Key internal audit principles include independence, objectivity and confidentiality. The purpose of internal audit is to provide objective and independent information for the Board of Directors and the management. The focuses of internal audit are aspects that are important in terms of strategy, business operations and operating activities in both the long term and the short term.  Audit operations are based on risk analyses, as well as on risk management and monitoring discussions with the Group’s management.

Enersense’s internal audit has been outsourced to PricewaterhouseCoopers Oy, Authorised Public Accountants. Internal audit operates under the CFO and reports on its findings and recommendations to the Audit Committee. Reports are forwarded to the Board of Directors for discussion.

The audit function covers all the companies and operations of the Enersense Group. The internal audit reports are also provided to the company’s external auditor to ensure the sufficient coverage of audit operations and avoid overlaps. Internal audit prepares an audit plan annually for approval by the Board of Directors.

The management’s action plans and recommendations are prepared based on the key observations made during audits, and these are included in business planning. The management and the Audit Committee systematically monitor their implementation.

Internal control 

The purpose of Enersense’s internal control is to ensure effective performance in accordance with laws, regulations, guidelines and good governance at Enersense, in addition to ensuring the reliability, efficiency and transparency of governance. In addition, the purpose of internal control related to financial reporting is to provide sufficient certainty of the reliability of financial reporting, in addition to ensuring that the financial statements and other financial reporting have been prepared in accordance with the current laws and regulations.

The internal control system covers all the company’s processes, procedures and policies that enable the company to achieve its internal control targets. Enersense’s Code of Conduct and management system lay the foundation for the recognisability and implementation of its control environment and activities. In addition, internal control is carried out through Group-wide decision-making authorisations, as well as through Group-wide procurement, risk management and disclosure policies. Enersense also has an open whistle-blowing channel in place. Information systems are critical to effective internal control.

The Board of Directors is responsible for the organisation of internal control. The Board’s Audit Committee is responsible for monitoring the effectiveness, sufficiency and appropriateness of internal control. The company’s management and all its employees are responsible for implementing internal control.

Enersense’s financial and operational reporting process follows the company’s operating guidelines and process descriptions. The CFO has the principal responsibility for the operational management of the control environment for financial reporting.
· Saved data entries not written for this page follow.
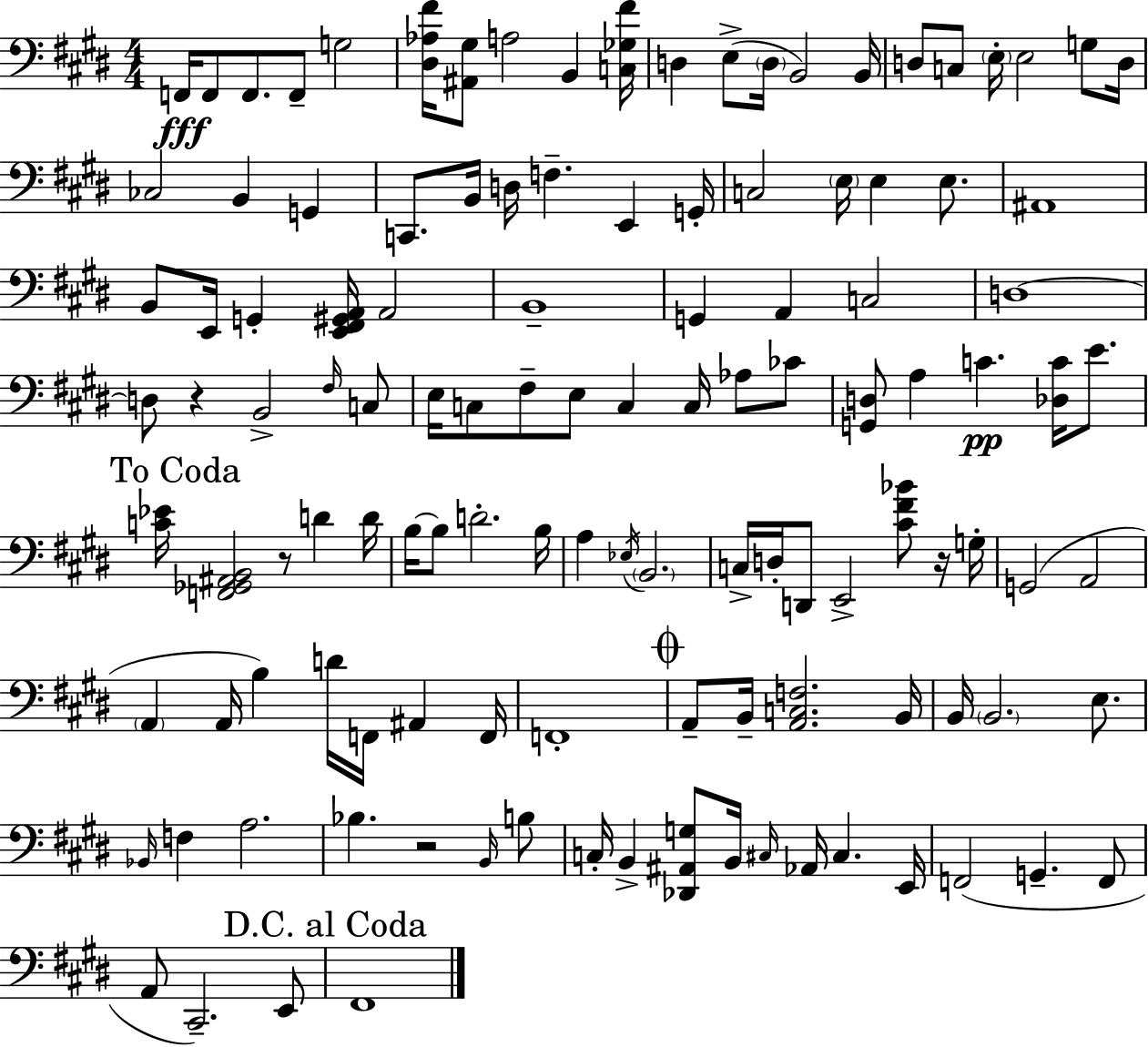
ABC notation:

X:1
T:Untitled
M:4/4
L:1/4
K:E
F,,/4 F,,/2 F,,/2 F,,/2 G,2 [^D,_A,^F]/4 [^A,,^G,]/2 A,2 B,, [C,_G,^F]/4 D, E,/2 D,/4 B,,2 B,,/4 D,/2 C,/2 E,/4 E,2 G,/2 D,/4 _C,2 B,, G,, C,,/2 B,,/4 D,/4 F, E,, G,,/4 C,2 E,/4 E, E,/2 ^A,,4 B,,/2 E,,/4 G,, [E,,^F,,^G,,A,,]/4 A,,2 B,,4 G,, A,, C,2 D,4 D,/2 z B,,2 ^F,/4 C,/2 E,/4 C,/2 ^F,/2 E,/2 C, C,/4 _A,/2 _C/2 [G,,D,]/2 A, C [_D,C]/4 E/2 [C_E]/4 [F,,_G,,^A,,B,,]2 z/2 D D/4 B,/4 B,/2 D2 B,/4 A, _E,/4 B,,2 C,/4 D,/4 D,,/2 E,,2 [^C^F_B]/2 z/4 G,/4 G,,2 A,,2 A,, A,,/4 B, D/4 F,,/4 ^A,, F,,/4 F,,4 A,,/2 B,,/4 [A,,C,F,]2 B,,/4 B,,/4 B,,2 E,/2 _B,,/4 F, A,2 _B, z2 B,,/4 B,/2 C,/4 B,, [_D,,^A,,G,]/2 B,,/4 ^C,/4 _A,,/4 ^C, E,,/4 F,,2 G,, F,,/2 A,,/2 ^C,,2 E,,/2 ^F,,4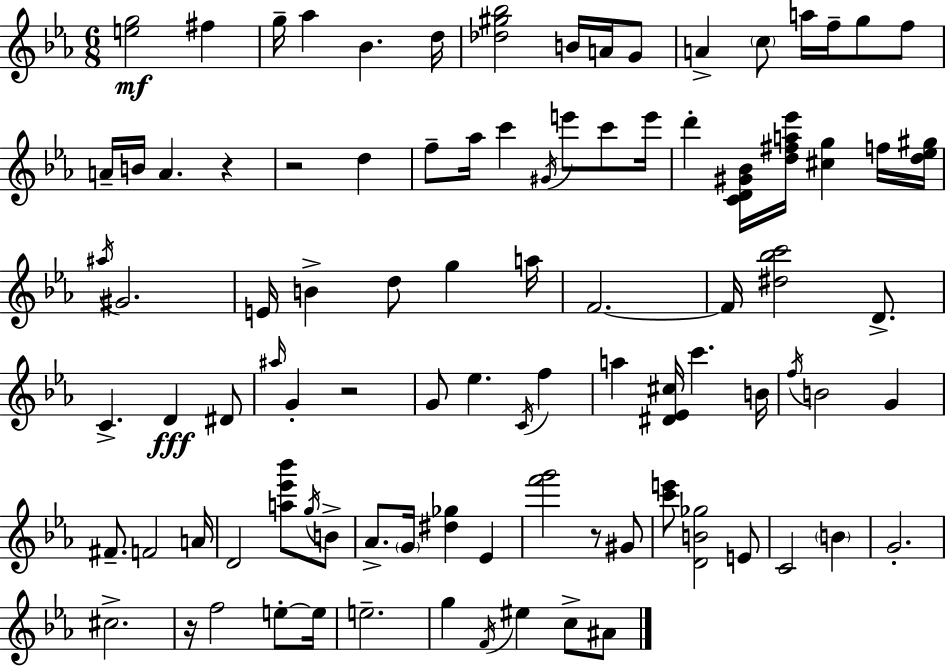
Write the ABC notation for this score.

X:1
T:Untitled
M:6/8
L:1/4
K:Eb
[eg]2 ^f g/4 _a _B d/4 [_d^g_b]2 B/4 A/4 G/2 A c/2 a/4 f/4 g/2 f/2 A/4 B/4 A z z2 d f/2 _a/4 c' ^G/4 e'/2 c'/2 e'/4 d' [CD^G_B]/4 [d^fa_e']/4 [^cg] f/4 [d_e^g]/4 ^a/4 ^G2 E/4 B d/2 g a/4 F2 F/4 [^d_bc']2 D/2 C D ^D/2 ^a/4 G z2 G/2 _e C/4 f a [^D_E^c]/4 c' B/4 f/4 B2 G ^F/2 F2 A/4 D2 [a_e'_b']/2 g/4 B/2 _A/2 G/4 [^d_g] _E [f'g']2 z/2 ^G/2 [c'e']/2 [DB_g]2 E/2 C2 B G2 ^c2 z/4 f2 e/2 e/4 e2 g F/4 ^e c/2 ^A/2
The quality of reporting is ensured by means of various process control measures, such as matching, system-generated controls and audits and measures performed by the management or other parties. Persons in charge have been assigned for controls to ensure their sufficiency and effective implementation. The monitoring of reporting and budget processes is based on Enersense’s reporting principles, which are prepared and maintained by the financial management department.

The monitoring of financial reporting covers the monitoring of monthly financial and operational reports, the assessment of forecasts, plans and the most significant changes in the business environment and business risks, and the regular review of internal audit reports and external auditors’ reports.